What you are asked to do =>
Under this line are the records; repeat exactly the lines starting at the one containing "Omnipod 5 Používateľská Príručka" and ending at the one containing "what are the", omitting pictures.

Data provided =>

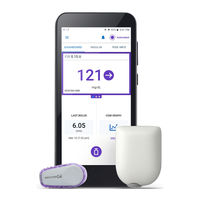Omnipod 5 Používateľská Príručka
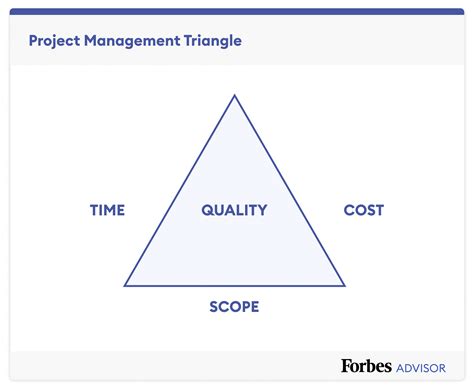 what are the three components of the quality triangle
* * *
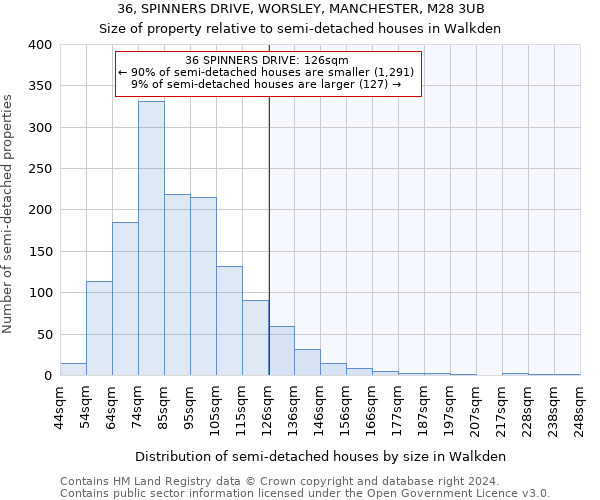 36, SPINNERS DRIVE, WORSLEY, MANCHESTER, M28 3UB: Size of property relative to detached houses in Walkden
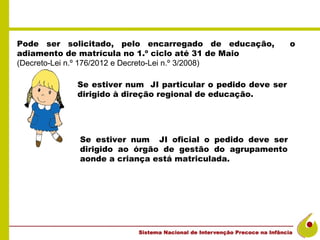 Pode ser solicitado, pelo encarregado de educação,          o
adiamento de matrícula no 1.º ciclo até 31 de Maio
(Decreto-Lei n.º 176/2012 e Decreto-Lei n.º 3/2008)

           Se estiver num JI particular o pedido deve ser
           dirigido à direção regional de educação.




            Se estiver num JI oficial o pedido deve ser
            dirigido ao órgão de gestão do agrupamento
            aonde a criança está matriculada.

Written reply =>
Omnipod 5 Používateľská Príručka
 what are the three components of the quality triangle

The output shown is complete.